Charles Krauthammer’s Reflections on Israel, Zionism, Judaism, and God https://mosaicmagazine.com/picks/israel-zionism/2018/06/charles-krauthammers-reflections-on-israel-zionism-judaism-and-god/

June 25, 2018 | Charles Krauthammer
About the author: Charles Krauthammer, the Pulitzer Prize-winning columnist and author of Things That Matter: Three Decades of Passions, Pastimes, and Politics, is the chairman of Pro Musica Hebraica.

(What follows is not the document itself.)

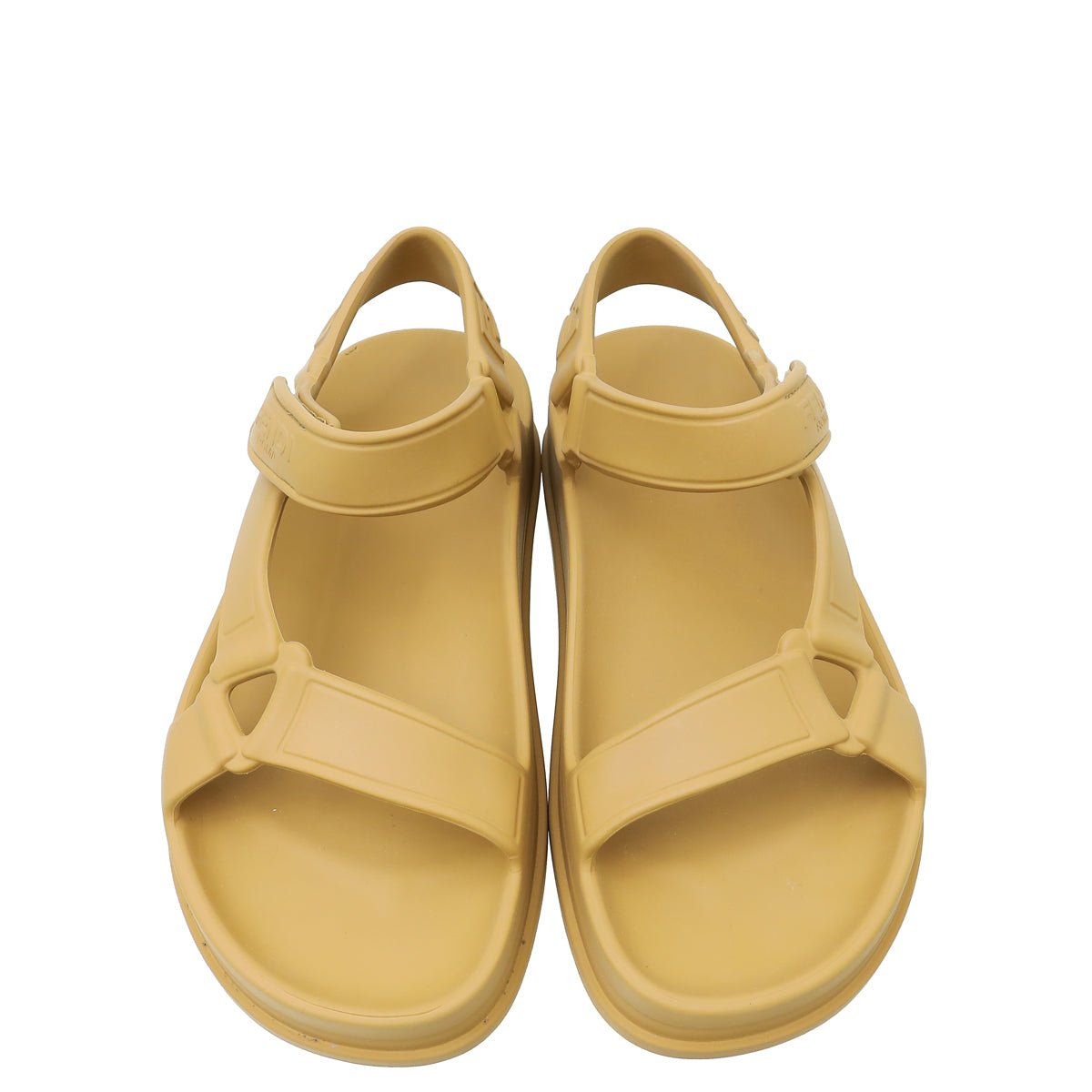 Fendi Beige Naturel Logo Rubber Sandal 37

Last week, Charles Krauthammer, one of America’s most incisive and influential political analysts and a profound thinker on issues pertaining to Judaism and the Jewish people, passed away at the age of sixty-eight. In 2016, Krauthammer engaged in an extended conversation with Roger Hertog based on his 1998 essay “At Last, Zion,” on the future of the Jewish people in American and Israel. At the conversation’s end, Krauthammer elaborates on a remark he once made that “I don’t believe in God, but I fear Him greatly.” (Video is available here.)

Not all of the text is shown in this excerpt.